Рис.18. Средняя сезонная частота прободных язв у жителей Гомеля по пятилетним периодам (%)

Таким образом, частота перфоративных язв характеризуется значительной сезонной вариабельностью. Максимум и минимум прободений могут приходиться на любое время года. Наши данные за большой промежуток времени не подтвердили распространенную точку зрения об учащении прободных язв весной и осенью. Оказалось, что за 20-летний период большее количество прободений происходило с близкой частотой и весной, и летом, и осенью, меньшее - зимой. Между тем, разница в частоте перфоративных язв весной, летом и осенью оказалась статистически не достоверной. Имеется тенденция к увеличению частоты этого осложнения ЯБ весной и летом, в меньшей степени - осенью. С достоверностью же можно утверждать, что частота язвенных прободений снижается зимой (p<0,05).

Учитывая крайнюю неравномерность возникновения перфоративных язв в течение года, нами изучена зависимость периодичности язвенных прободений с цикличностью изменений основных параметров внешней среды. К последним относятся циклы солнечной активности, планетарные, лунные циклы, температурные, магнитные, гравитационные и иные колебания (Комаров Ф.И., Рапопорт С.И., 2000). Для расчета колебаний внешнесредовых факторов в конкретные периоды времени для конкретных регионов мы пользовались программным продуктом версии “AgeNA” v.1,0, разработанной Центром научно-технического творчества молодежи (ЦНТТМ) фирмы "Партнер" совместно с кафедрой алгебры и геометрии ГГУ им.Ф. Скорины.

Нами суммированы данные о датах перфораций в течение 2004 г. в 11 различных регионах Беларуси, России и Украины. По Беларуси в выборку включены сведения по Гомелю, Бресту, Витебску, Могилеву, Жлобину, Мозырю, Речице. Из России мы располагали данными по г. Пскову, сведениями из клиники НИИ СП им.И. И. Джанелидзе (г. Санкт-Петербург), второй клиники госпитальной хирургии РГМУ (г. Москва). Из Украины использованы данные по Черниговской области. Всего нами собраны сведения о датах 690 случаев прободений. При равномерной дисперсии в течение года ежедневно должно происходить около 2 перфораций. В действительности оказалось, что периодичность прободных язв была крайне вариабельна: от 8 случаев в один день до периодов по 3 дня без прободных. Методом множественной регрессии установлено, что периодичность язвенных прободений в популяции больных коррелирует с колебаниями неустранимых внешнесредовых факторов и возрастает при повышении нестабильности последних. Суточным участкам хронограммы с максимальным суммарным размахом осцилляций соответствует максимальная частота прободений и наоборот (рис. 19).

Таким образом, нами впервые выявлен феномен прямой зависимости частоты перфоративных язв от колебаний неустранимых внешнесредовых факторов. По-видимому, этот вывод не стоит ограничивать только язвенными перфорациями. Мы полагаем, что обнаруженная зависимость в большей мере отражает колебания баланса факторов агрессии и защиты слизистой желудка и двенадцатиперстной кишки, которые лежат в основе патогенеза язвообразования. Вероятно, в периоды нестабильности внешнесредовых влияний у больных происходят нарушения регуляторных механизмов гипоталамо-гипофизарной системы, ведущие к снижению устойчивости "органа-мишени" (в данном случае - желудка и двенадцатиперстной кишки) к действию эндогенных факторов агрессии. В это время возможно развитие обострения ЯБ, а в ряде случаев - осложнения. А если такой период совпадет с дополнительным действием негативных экзогенных факторов - вероятность осложнений может возрастать многократно.

.

Рис. 19. Хронограмма интегральных неустранимых внешнесредовых периодических факторов (верхний график ) и динамика количества перфоративных язв в мае 2004 г. по объединенным данным 11 регионов Беларуси, России, Украины.

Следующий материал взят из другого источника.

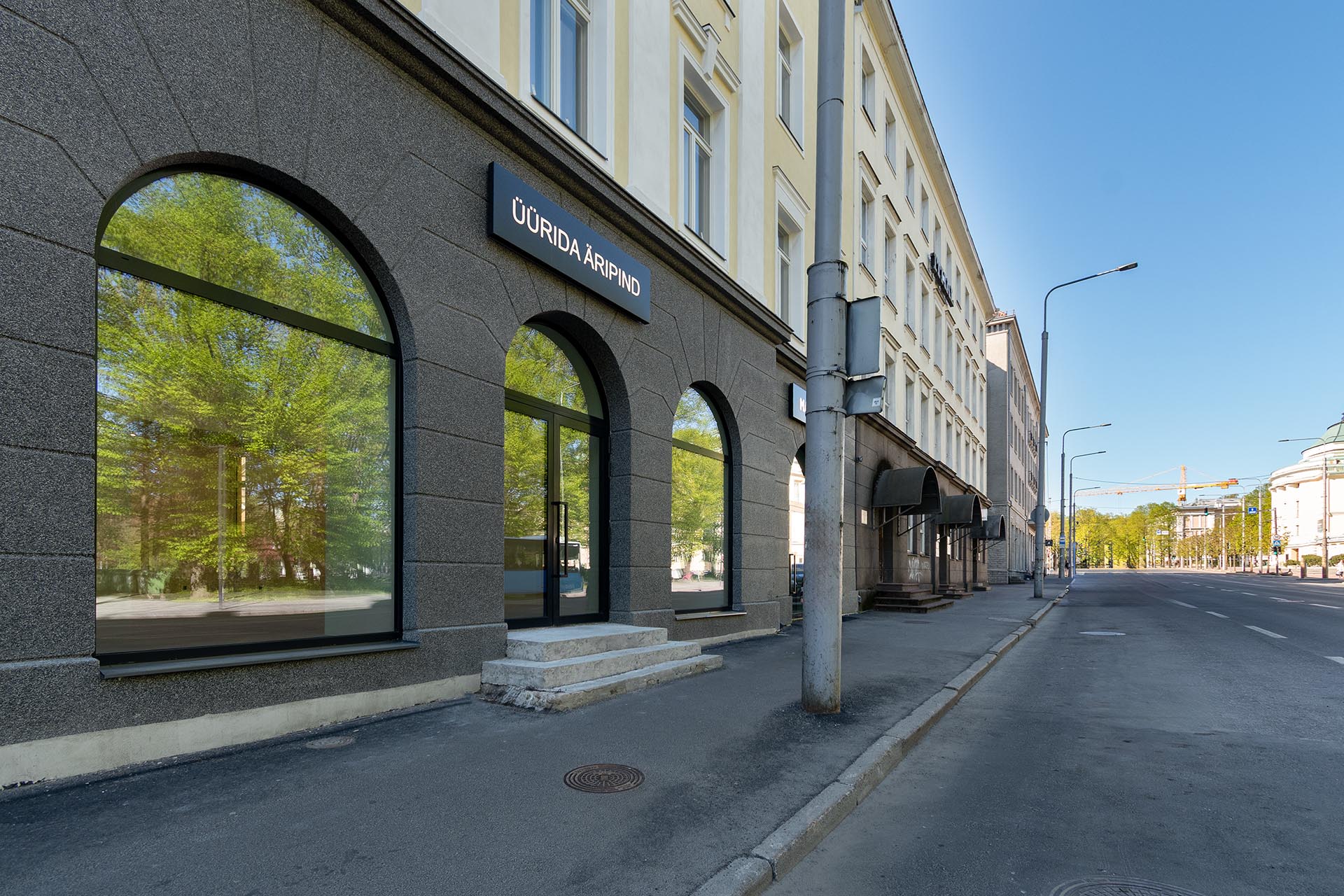 Äripindade pildistamine Tallinnas: tänavatasandi kaarjate akendega äripind Estonia puiesteel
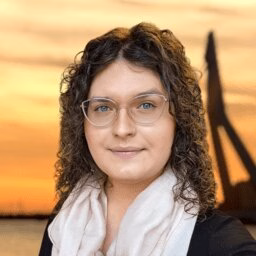 AE (Alessia) Gebauer, MA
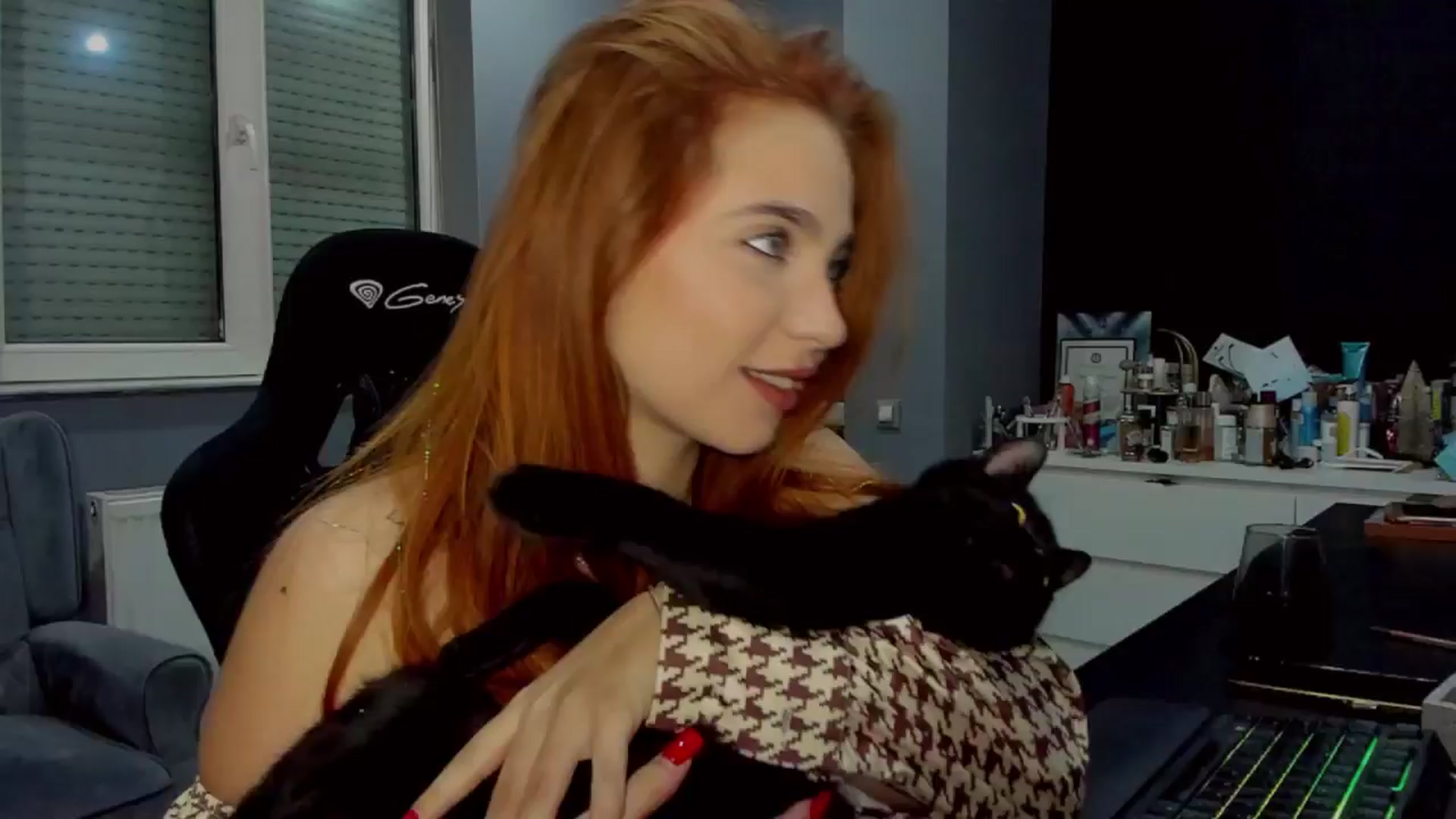 Gallery image thumbnail from BlueeeS's myfreecams stream on, 01/08/2025, 02:56 image 2 of 20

7. Принципы хирургическое лечение перфоративных язв

На вопросах клинической и инструментальной диагностики прободных язв, техники оперативных вмешательств останавливаться мы не считаем нужным. Эта информации доступна и широко представлена во многих руководствах. Простое ушивание перфоративной язвы является самой распространенной операцией, доступной даже начинающему хирургу. Данный вид вмешательства не имеет альтернативы при общем фибринозно-гнойном перитоните, развившейся полиорганной недостаточности или тяжелой сопутствующей патологии. Однако такое вмешательство является паллиативным и не влияет на патогенез ЯБ. Ушивание следует рассматривать как вариант выбора при перфорации явно острой (медикаментозной, стрессовой, гепатогенной и т.п.) язвы, а также в случае прободения у больных пожилого и старческого возраста без язвенного анамнеза. Не следует прибегать к любым попыткам первично радикальных операций, если хирург не обладает достаточным опытом аналогичных вмешательств в плановом порядке. Бесспорным остается постулат о первостепенной необходимости спасения жизни больного. Одновременное излечение от ЯБ является желательной, но не обязательной целью операции. Перспектива рецидива язвы и даже реальный риск развития в последующем новых осложнений заболевания оставляют возможность решения проблемы в специализированном учреждении. Неблагоприятный исход первично радикальной операции - непоправим!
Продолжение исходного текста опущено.